Но, надо сказать, мы по-прежнему занимаемся самыми разными задачами, например оптикой океана и атмосферы. У нас есть соответствующая лаборатория, которая разрабатывает методы решения задач переноса излучения, теории подводного видения и дистанционного зондирования океана, а также решает прикладные задачи, такие как создание приборов для изучения гидрооптических характеристик океана. Результаты, полученные в этой лаборатории, тоже по-своему уникальны.
— Наверняка у вас есть грандиозные планы. Можете поделиться?
— Есть еще одна очень важная практически задача, к решению которой отечественные океанологи пока только приступают.
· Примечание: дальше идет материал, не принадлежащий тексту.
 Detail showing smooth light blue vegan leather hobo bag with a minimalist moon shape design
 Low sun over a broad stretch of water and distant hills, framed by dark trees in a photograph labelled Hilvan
Я имею в виду задачу прогноза и мониторинга погоды в океане в локальной акватории. В этом случае модели должны учитывать микро- и тонкую структуру гидрофизических полей, а именно морскую турбулентность, тонкослойное расслоение, а также описывать придонные процессы, в том числе на неоднородностях рельефа дна, и эффекты взаимодействия с атмосферой. Построение таких моделей имеет научную и прикладную значимость. Эта задача еще не доведена до практического уровня в нашей стране.
— Почему это важно?
— Это важно в первую очередь для тех, кто работает в океане. Например, тем, кто ловит рыбу: они должны знать, где ее ловить. А рыба находится там, где ей хорошо — сытно и комфортно. В этой задаче важную роль играют фронтальные зоны. А фронтальную зону нужно смоделировать и спрогнозировать. А это локальный район океана. Потом — мы строим или добываем что-то в океане, это тоже локальная модель. И, конечно, это важно в интересах обороны страны.
— Для создания таких математических моделей нужна мощная компьютерная техника. Как у вас с этим? Оснащение в наше время — это сложно.
— Вообще надо сказать, что персональные компьютеры изначально создавались для того, чтобы решать научные задачи. А 99% из них используются как печатные машинки. Причем затрат на изготовление документов не становится меньше. Это удивительный парадокс нашего времени.
Мы лет десять назад купили достаточно мощный по тем временам компьютер, примерно 200 ядер, и были впереди многих организаций. Конечно, сейчас ЭВТ быстро развивается. Мы на нашем вычислительном кластере только отрабатываем задачи — проверяем и тестируем. А считаем в основном в Санкт-Петербургском политехническом университете им. Петра Великого, где находится один из лучших в стране суперкомпьютеров. Они нам выделяют примерно 1 тыс. ядер, чтобы мы считали свои задачи. Нам пока хватает. Хотя понятно, что океан всегда будет оставлять для нас множество загадок.